Simulation of an integrated circuit (IC) design such as System-on-Chip (SOC) or an application-specific integrated circuit (ASIC) requires a verification environment for a plurality of register-transfer level (RTL) modules in the design. At an abstract level, the verification environment can be viewed as a composition of a plurality of tests, which run during the simulation in addition to monitoring and detection mechanisms. The RTL modules and the verification environment are living entities during the life of the IC design project and evolve with the project. Each of the plurality of RTL modules may have multiple instances and is holistic in the sense that the sum of its instances is greater than its parts, implying mutual dependencies of the RTL instances to achieve the goals of the overall IC design implementation.
Whenever a portion of the IC design changes at the RTL level, the IC designer needs to ensure that first, the new functionality is working and secondly, it has not broken any other pieces in the design. The first part can be tested using resolution tests and second part is tested through regressions. Both sets of tests are a subset of tests created by the experts of the IC design. Regressions typically incur the largest costs in the IC design projects in terms of time, simulation, compute and human resources. As such, it is important to determine that, when RTL modules have been changed, which subset of available tests should be run for regression in order to ascertain the two objectives above while taking minimal resources in terms of time, computes, licenses etc.

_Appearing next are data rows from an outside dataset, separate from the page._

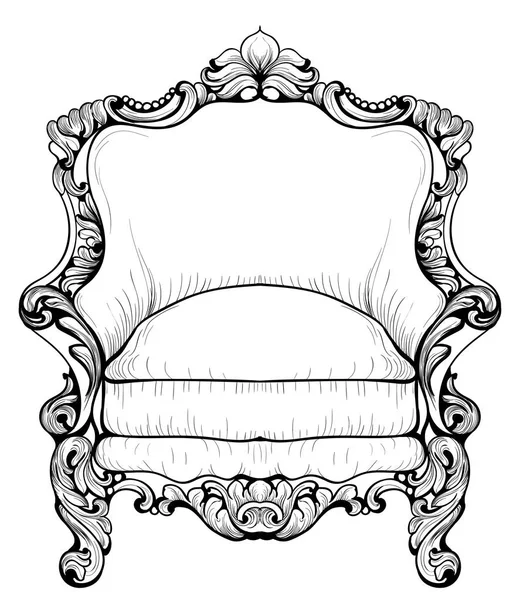 Barok koltuk lüks süslemeli. Fransız lüks zengin karmaşık yapısı vektör. Royal Victoria tarzı dekor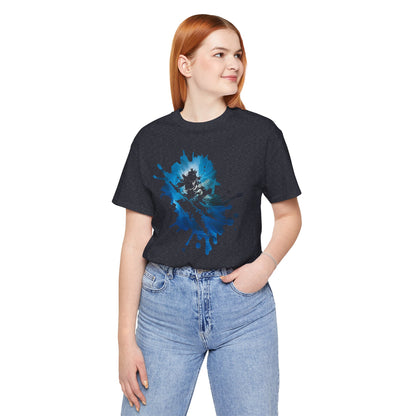 Watercolor Skateboarder T-Shirt — Blue Splash Graphic Tee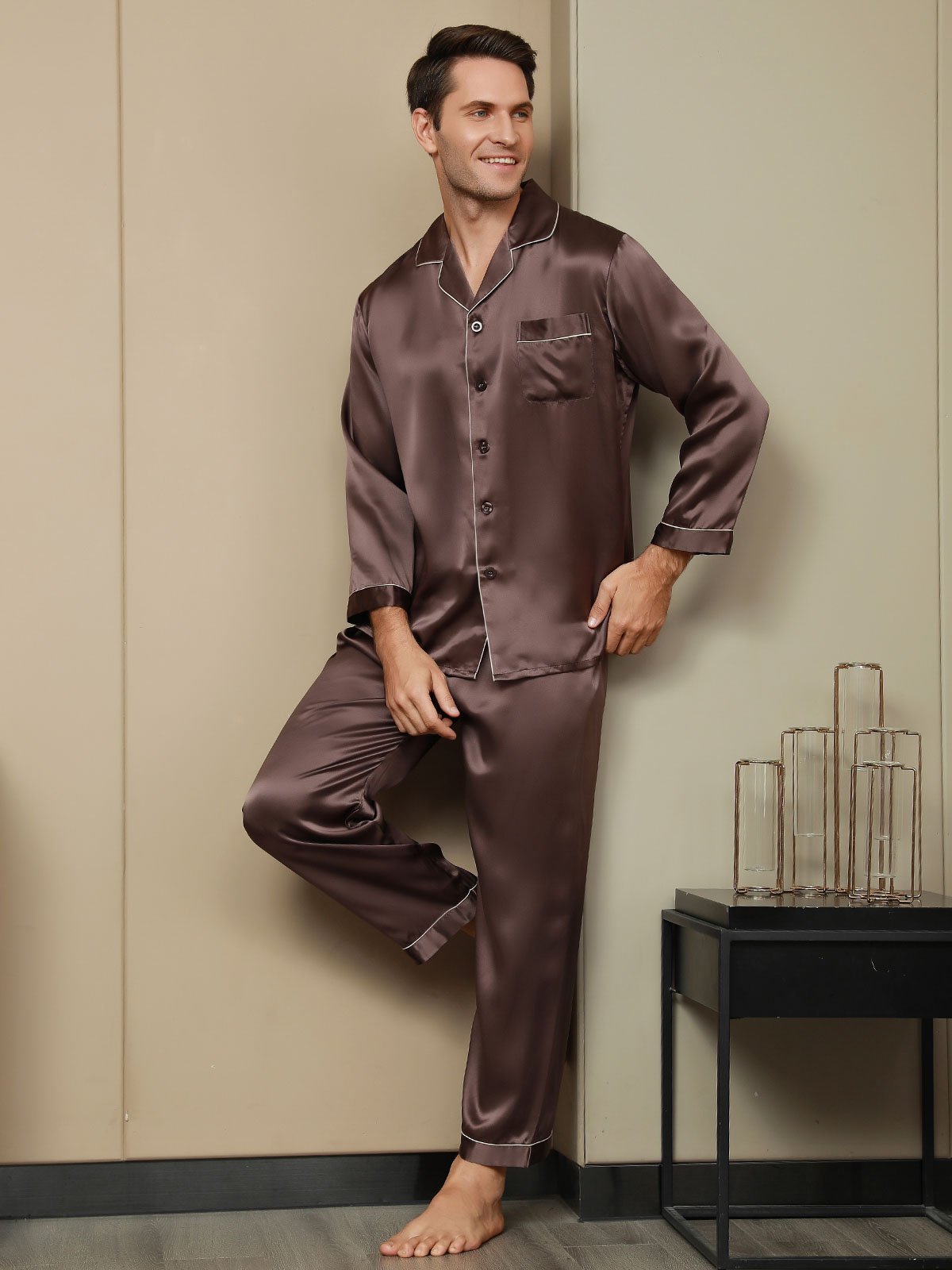 SilkSilky FR Pure Soie Manches longues Revers Homme Pyjamas Café 004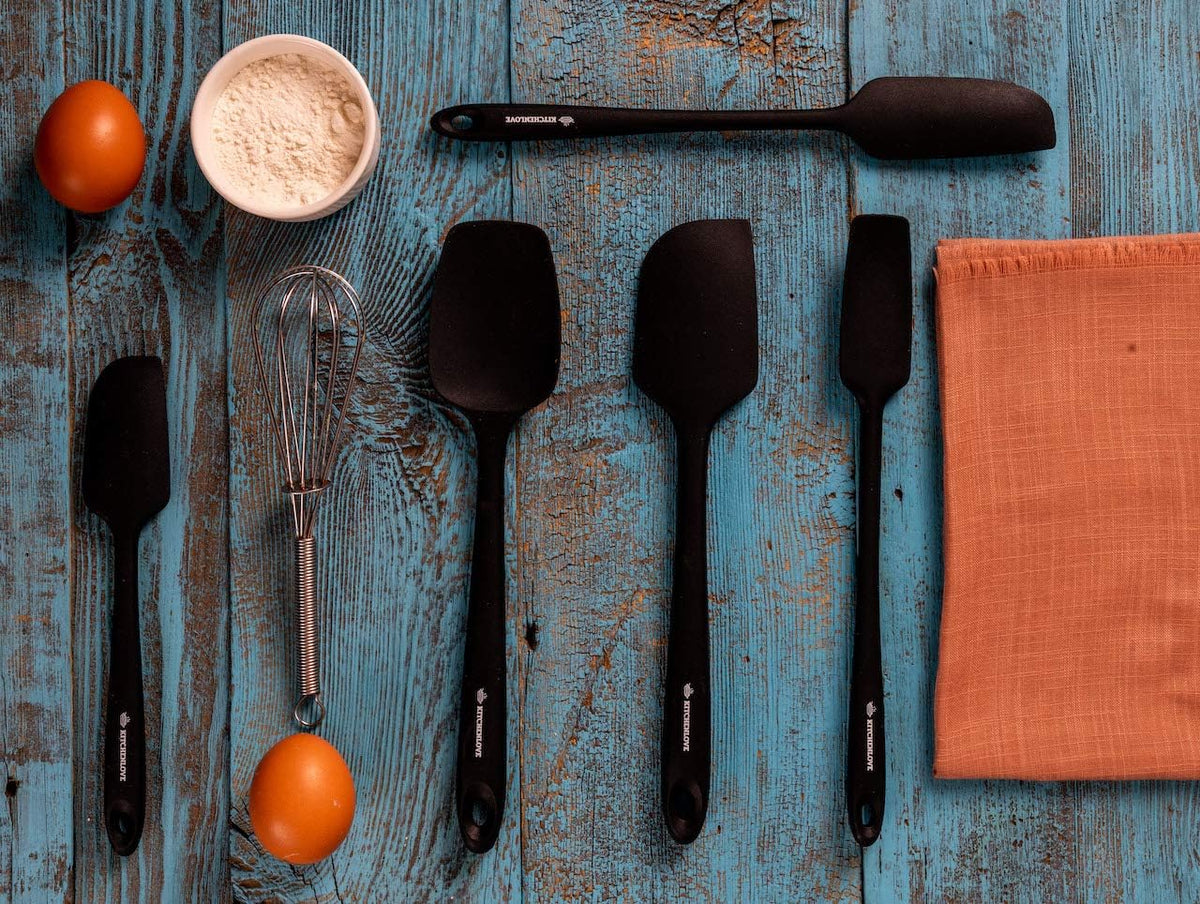 Kitchenlove Premium 600°F Heat Resistant 5 Piece Silicone Spatula Set for Baking, Cooking, Mixing - Non-Stick with High Grade S-Iron Steel Core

Although a static analysis of the RTL modules can yield the dependencies among the RTL modules, regression tests for verification are dynamic with constraints and random seeds. Therefore, a regression test generation approach that can analyze the dynamics of the IC design in order to provide better insight is desired.
The foregoing examples of the related art and limitations related therewith are intended to be illustrative and not exclusive. Other limitations of the related art will become apparent upon a reading of the specification and a study of the drawings.